──────── MATERIAL FOR THIS TASK ────────
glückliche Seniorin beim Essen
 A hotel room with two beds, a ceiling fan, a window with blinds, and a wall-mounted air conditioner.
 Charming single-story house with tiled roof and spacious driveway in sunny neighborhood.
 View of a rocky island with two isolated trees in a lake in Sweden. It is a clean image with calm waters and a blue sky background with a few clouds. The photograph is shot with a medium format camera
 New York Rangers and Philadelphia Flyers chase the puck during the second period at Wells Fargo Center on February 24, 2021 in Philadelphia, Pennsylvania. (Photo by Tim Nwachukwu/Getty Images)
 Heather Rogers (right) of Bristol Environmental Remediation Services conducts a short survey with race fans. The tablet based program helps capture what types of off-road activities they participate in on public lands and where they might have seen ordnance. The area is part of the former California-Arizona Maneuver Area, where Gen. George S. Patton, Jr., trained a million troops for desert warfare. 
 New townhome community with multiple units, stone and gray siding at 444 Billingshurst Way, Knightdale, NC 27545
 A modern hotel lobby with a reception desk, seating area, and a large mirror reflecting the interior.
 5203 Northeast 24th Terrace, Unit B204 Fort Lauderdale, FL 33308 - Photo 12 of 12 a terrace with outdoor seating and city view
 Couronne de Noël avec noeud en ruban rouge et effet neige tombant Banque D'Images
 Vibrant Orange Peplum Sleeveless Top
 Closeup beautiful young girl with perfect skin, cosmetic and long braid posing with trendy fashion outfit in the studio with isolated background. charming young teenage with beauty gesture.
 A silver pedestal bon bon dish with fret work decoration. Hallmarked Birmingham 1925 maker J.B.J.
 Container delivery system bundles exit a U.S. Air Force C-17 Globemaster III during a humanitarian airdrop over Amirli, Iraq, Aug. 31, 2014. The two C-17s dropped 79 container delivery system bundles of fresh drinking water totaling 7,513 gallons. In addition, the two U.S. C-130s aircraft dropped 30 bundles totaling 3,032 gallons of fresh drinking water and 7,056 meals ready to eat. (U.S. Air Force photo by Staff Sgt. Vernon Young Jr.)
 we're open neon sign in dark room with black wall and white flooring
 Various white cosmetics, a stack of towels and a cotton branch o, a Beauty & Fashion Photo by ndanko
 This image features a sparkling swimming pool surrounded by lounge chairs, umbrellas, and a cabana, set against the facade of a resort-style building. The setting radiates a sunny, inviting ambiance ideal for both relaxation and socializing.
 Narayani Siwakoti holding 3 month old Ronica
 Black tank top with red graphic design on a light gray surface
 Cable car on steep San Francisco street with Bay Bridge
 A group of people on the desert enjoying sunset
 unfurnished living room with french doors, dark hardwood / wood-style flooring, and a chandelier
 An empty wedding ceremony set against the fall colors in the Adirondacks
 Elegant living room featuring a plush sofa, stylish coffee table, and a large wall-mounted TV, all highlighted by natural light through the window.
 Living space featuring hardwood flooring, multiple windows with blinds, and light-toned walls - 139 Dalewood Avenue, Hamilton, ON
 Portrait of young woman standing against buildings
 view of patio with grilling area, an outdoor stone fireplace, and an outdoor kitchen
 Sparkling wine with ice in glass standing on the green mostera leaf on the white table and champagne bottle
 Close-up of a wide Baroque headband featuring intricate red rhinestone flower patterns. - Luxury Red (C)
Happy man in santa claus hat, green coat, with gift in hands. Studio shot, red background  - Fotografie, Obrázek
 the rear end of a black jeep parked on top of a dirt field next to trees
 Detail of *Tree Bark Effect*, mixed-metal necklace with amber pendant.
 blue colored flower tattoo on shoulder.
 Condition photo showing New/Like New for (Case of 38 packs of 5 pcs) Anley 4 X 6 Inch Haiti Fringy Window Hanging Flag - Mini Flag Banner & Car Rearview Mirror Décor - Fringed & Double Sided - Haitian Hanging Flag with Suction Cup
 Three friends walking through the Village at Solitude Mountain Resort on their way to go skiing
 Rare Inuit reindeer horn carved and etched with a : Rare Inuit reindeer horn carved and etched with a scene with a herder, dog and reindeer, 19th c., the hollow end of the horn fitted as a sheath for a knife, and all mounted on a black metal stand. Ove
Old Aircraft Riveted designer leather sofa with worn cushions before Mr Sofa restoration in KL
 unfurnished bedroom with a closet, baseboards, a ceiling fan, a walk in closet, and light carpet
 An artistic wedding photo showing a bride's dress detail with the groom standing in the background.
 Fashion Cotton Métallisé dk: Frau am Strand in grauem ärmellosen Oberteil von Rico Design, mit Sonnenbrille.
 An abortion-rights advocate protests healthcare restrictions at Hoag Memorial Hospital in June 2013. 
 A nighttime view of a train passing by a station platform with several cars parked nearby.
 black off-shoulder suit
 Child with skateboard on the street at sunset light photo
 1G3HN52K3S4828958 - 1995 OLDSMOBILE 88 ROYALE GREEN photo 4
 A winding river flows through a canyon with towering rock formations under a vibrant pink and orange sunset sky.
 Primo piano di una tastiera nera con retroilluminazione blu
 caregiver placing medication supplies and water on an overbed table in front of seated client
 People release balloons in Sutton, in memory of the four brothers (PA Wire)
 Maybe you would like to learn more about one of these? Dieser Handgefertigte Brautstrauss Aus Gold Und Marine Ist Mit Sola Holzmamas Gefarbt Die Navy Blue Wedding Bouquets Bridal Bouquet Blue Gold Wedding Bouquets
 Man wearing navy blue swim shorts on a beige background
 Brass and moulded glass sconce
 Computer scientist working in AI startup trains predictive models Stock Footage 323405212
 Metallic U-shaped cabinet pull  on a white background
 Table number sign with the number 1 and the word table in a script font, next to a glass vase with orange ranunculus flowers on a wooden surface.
────────
**TO DO**
Set down precisely the lines above between the line holding "view of patio" and the line holding "An abortion-rights advocate", inclusive, and nothing beyond them.

**RESPONSE**
 view of patio with grilling area, an outdoor stone fireplace, and an outdoor kitchen
 Sparkling wine with ice in glass standing on the green mostera leaf on the white table and champagne bottle
 Close-up of a wide Baroque headband featuring intricate red rhinestone flower patterns. - Luxury Red (C)
Happy man in santa claus hat, green coat, with gift in hands. Studio shot, red background  - Fotografie, Obrázek
 the rear end of a black jeep parked on top of a dirt field next to trees
 Detail of *Tree Bark Effect*, mixed-metal necklace with amber pendant.
 blue colored flower tattoo on shoulder.
 Condition photo showing New/Like New for (Case of 38 packs of 5 pcs) Anley 4 X 6 Inch Haiti Fringy Window Hanging Flag - Mini Flag Banner & Car Rearview Mirror Décor - Fringed & Double Sided - Haitian Hanging Flag with Suction Cup
 Three friends walking through the Village at Solitude Mountain Resort on their way to go skiing
 Rare Inuit reindeer horn carved and etched with a : Rare Inuit reindeer horn carved and etched with a scene with a herder, dog and reindeer, 19th c., the hollow end of the horn fitted as a sheath for a knife, and all mounted on a black metal stand. Ove
Old Aircraft Riveted designer leather sofa with worn cushions before Mr Sofa restoration in KL
 unfurnished bedroom with a closet, baseboards, a ceiling fan, a walk in closet, and light carpet
 An artistic wedding photo showing a bride's dress detail with the groom standing in the background.
 Fashion Cotton Métallisé dk: Frau am Strand in grauem ärmellosen Oberteil von Rico Design, mit Sonnenbrille.
 An abortion-rights advocate protests healthcare restrictions at Hoag Memorial Hospital in June 2013. 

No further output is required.